Thursday, September 17, 2009

Rasmussen Polls NC

Rasmussen polled North Carolina Tuesday night and found results that in some ways are very similar to our picture of the state and in others are very different.

The similarities:

-They find Obama's approval at 47/52. We recently measured it at 45/51.

-They find voters in the state opposed to Obama on health care, 53/44. That's relatively similar to the 54/40 spread we recently found.
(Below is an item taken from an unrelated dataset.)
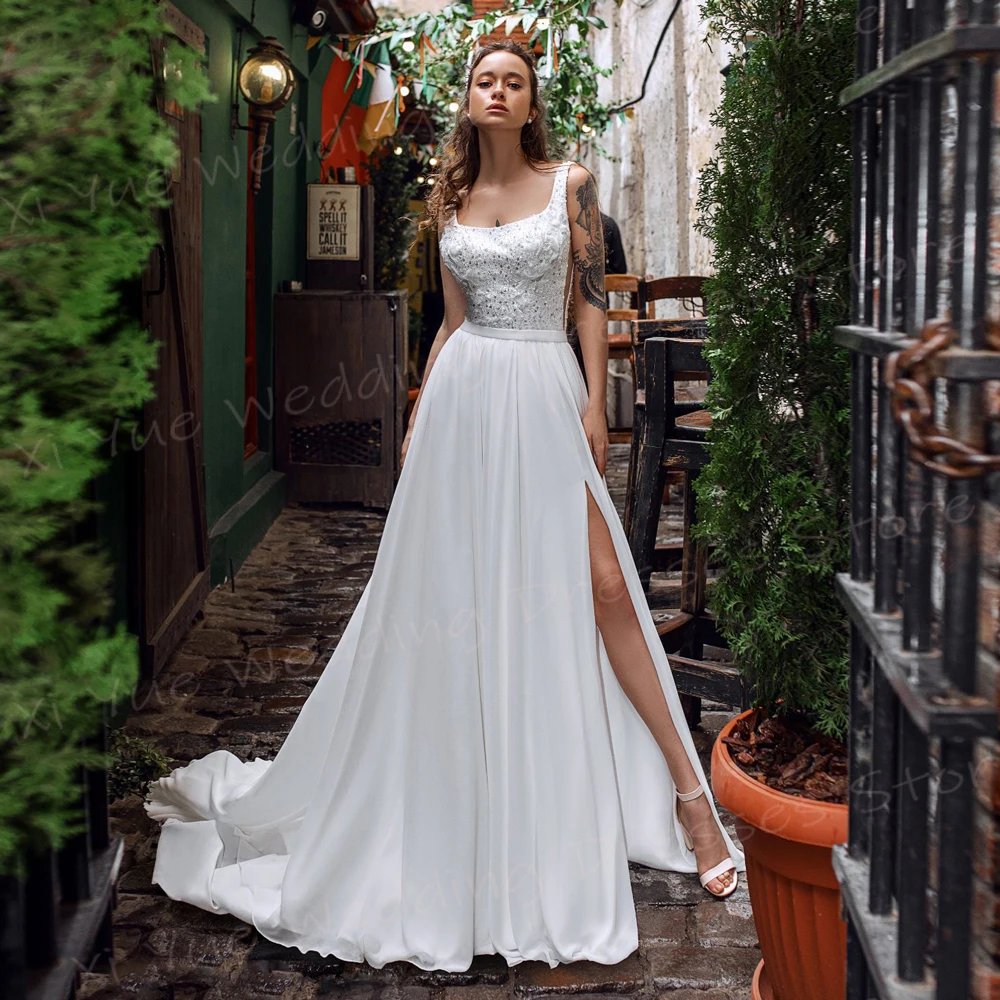 Moderno colletto quadrato una linea abiti da sposa da donna semplici abiti da sposa in Chiffon Sexy senza maniche laterale alta divisa Vestido De Noivas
-They found Richard Burr with a ten point lead over Elaine Marshall and a 16 point over Kenneth Lewis. Last week we found margins of 11 and 16 points respectively in those match ups.

The differences:

-They find North Carolinians a whole lot more happy with their elected officials than we do, with 58% viewing Richard Burr favorably and 40% with a positive opinion of Bev Perdue. We recently found their approval numbers at 38% and 26%. I think Civitas and Insider Advantage are the only other companies to poll on this in the last six months and they have found numbers considerably more similar to ours than these Rasmussen ones.

-The one thing I find truly impossible to believe in the poll is that 66% of voters have an opinion one way or the other about Kenneth Lewis. The one time we polled on his favorability we included his party identification and 64% of voters still had no opinion of him. If we hadn't included that I'm sure it would have been up in the 80s.

It's always good to see a wider variety of polling in North Carolina.

2 comments:

Will Matthews said...

Just the Ockham's razor explanation here, but from the looks of it, you guys state that there is a "Not Sure" option in each approve/disapprove question, whereas Rasmussen does not (per the link).

Given that this is IVR, I'm not sure how people know what to press for "Not Sure". In any case, they do not seem to emphasize it being an option, which likely pushes respondents toward stating an opinion.

On a side note, do most IVR polls vary gender of questioner? Could this play a role in desire to respond definitively? You do all of the recording for PPP, correct? Methodologically, do you think random variation in questioner demographic would add truth or noise? It seems to me that one questioner for all respondents likely causes some kind of bias but that it increases the precision of the measurement. Varying questioner demographics might increase accuracy but at the cost of repeatability.

Will Matthews said...

Forgot to specify the explanation of why the Obama numbers would still be similar...

The effect of pushing people toward an opinion whether or not they have one is more visible among less known candidates. This theory then explains why Rasmussen matches your numbers on Obama and the divergence grows progressively larger as you move to less known candidates.